# DATA FOR PROCESSING
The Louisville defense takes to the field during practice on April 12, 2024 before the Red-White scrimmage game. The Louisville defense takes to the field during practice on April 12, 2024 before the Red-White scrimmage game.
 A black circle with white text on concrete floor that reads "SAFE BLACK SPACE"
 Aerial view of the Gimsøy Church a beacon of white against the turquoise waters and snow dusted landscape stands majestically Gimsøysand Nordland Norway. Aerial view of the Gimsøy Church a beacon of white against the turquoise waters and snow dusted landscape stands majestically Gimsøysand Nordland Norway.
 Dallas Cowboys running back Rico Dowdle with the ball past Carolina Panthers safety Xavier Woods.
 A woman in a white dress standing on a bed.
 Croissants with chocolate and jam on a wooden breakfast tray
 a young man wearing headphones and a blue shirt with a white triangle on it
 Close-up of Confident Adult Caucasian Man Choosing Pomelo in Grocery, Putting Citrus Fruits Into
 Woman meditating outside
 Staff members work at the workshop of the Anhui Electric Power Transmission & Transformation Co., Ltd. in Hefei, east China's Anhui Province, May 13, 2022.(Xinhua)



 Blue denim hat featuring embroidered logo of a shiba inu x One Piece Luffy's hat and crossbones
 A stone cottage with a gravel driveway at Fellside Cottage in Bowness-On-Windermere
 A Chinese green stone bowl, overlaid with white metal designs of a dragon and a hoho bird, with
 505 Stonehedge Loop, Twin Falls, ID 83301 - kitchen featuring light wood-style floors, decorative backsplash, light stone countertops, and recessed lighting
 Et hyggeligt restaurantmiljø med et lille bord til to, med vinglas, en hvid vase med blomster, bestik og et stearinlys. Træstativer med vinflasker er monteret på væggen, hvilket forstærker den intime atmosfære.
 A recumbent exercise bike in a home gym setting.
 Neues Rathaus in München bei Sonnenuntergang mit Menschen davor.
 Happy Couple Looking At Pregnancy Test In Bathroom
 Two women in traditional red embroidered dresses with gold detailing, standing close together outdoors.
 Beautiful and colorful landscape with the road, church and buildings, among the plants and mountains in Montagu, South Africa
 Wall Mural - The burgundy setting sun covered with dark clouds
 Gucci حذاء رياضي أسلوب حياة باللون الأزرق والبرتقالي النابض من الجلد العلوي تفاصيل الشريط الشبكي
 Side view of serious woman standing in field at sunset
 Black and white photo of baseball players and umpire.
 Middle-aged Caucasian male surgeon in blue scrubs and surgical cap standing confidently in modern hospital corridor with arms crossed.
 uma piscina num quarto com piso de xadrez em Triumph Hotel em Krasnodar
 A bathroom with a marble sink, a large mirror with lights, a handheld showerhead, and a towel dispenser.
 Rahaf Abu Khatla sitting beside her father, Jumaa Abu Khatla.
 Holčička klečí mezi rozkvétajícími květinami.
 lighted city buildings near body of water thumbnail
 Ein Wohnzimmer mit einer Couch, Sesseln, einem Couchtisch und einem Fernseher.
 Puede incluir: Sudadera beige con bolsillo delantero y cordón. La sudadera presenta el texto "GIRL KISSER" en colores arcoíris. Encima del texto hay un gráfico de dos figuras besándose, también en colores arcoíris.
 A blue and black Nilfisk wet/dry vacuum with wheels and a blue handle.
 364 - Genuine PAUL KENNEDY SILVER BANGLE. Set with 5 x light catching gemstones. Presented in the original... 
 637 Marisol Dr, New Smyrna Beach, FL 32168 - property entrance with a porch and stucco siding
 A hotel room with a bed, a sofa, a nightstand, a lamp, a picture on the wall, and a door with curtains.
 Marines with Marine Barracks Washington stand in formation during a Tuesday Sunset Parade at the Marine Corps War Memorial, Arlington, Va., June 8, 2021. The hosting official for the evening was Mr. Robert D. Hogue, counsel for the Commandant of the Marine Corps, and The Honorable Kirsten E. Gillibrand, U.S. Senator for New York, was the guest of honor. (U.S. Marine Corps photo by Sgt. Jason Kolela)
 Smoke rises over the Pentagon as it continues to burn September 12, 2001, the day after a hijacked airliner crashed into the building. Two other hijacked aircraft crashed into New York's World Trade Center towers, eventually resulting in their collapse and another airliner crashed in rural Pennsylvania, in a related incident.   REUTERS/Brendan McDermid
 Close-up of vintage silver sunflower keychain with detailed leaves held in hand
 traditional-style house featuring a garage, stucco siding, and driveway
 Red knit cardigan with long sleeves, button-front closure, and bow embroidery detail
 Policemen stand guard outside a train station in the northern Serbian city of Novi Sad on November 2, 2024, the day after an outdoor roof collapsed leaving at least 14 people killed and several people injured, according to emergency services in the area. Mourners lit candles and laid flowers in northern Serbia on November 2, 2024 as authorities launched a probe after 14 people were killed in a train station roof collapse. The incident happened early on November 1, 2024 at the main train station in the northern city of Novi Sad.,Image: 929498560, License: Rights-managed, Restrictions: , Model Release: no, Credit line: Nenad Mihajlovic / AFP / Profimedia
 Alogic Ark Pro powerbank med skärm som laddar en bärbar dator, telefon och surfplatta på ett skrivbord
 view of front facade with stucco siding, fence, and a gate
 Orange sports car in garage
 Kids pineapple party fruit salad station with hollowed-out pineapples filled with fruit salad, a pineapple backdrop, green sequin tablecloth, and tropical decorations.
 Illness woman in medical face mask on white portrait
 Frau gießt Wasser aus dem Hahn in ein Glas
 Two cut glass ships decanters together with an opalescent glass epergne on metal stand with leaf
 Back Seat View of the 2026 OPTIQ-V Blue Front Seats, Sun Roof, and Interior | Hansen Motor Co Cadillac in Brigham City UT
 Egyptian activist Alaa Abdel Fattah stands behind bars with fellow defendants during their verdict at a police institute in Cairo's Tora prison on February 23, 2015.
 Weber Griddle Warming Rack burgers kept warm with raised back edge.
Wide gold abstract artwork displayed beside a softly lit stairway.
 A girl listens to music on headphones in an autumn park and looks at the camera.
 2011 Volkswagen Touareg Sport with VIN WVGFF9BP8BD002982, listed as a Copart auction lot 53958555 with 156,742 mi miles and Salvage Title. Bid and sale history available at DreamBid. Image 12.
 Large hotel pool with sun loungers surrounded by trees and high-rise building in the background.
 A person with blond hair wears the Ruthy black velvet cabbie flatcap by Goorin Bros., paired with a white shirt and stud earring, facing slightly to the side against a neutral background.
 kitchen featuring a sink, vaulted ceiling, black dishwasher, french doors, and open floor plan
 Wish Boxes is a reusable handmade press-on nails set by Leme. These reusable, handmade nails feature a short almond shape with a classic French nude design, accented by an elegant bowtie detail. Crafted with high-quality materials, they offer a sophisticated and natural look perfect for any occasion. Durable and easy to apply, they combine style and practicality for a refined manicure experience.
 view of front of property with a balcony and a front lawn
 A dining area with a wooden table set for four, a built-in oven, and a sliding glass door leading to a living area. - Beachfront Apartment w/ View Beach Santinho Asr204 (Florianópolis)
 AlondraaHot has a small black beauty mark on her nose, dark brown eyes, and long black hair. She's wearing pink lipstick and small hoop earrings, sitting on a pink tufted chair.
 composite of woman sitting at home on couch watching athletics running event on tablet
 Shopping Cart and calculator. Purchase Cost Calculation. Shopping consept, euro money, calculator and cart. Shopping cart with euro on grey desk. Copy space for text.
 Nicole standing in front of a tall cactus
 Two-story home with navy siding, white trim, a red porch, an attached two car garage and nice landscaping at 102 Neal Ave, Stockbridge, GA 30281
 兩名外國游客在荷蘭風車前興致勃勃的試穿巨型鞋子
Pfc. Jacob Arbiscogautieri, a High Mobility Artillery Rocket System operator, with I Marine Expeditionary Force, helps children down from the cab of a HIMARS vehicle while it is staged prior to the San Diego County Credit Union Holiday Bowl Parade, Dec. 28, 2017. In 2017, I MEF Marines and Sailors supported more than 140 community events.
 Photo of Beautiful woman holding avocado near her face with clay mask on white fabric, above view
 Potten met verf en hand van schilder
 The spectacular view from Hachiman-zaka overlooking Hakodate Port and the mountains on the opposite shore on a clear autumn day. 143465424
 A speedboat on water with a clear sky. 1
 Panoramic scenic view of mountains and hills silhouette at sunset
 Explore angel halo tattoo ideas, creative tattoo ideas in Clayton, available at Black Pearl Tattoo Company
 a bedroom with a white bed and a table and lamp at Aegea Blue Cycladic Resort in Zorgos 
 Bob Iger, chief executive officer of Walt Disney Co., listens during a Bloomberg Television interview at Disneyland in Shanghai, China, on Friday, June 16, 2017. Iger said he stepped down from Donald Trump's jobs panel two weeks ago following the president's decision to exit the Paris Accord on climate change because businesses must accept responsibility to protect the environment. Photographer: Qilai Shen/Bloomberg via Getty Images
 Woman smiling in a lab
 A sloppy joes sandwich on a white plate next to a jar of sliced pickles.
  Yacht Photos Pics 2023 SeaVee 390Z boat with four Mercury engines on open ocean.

# WHAT TO WORK ON
Extract every line containing the string "available" from the data above.

# OUTPUT
 2011 Volkswagen Touareg Sport with VIN WVGFF9BP8BD002982, listed as a Copart auction lot 53958555 with 156,742 mi miles and Salvage Title. Bid and sale history available at DreamBid. Image 12.
 Explore angel halo tattoo ideas, creative tattoo ideas in Clayton, available at Black Pearl Tattoo Company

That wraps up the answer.